- [Exercise directions] Here is the listing. Print it exactly.

Top of Data excerpt

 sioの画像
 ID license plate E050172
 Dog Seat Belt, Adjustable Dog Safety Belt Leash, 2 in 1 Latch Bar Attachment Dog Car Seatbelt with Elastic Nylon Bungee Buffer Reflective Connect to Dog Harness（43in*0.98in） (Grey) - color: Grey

Bottom of Data excerpt

- [Exercise response]
 sioの画像
 ID license plate E050172
 Dog Seat Belt, Adjustable Dog Safety Belt Leash, 2 in 1 Latch Bar Attachment Dog Car Seatbelt with Elastic Nylon Bungee Buffer Reflective Connect to Dog Harness（43in*0.98in） (Grey) - color: Grey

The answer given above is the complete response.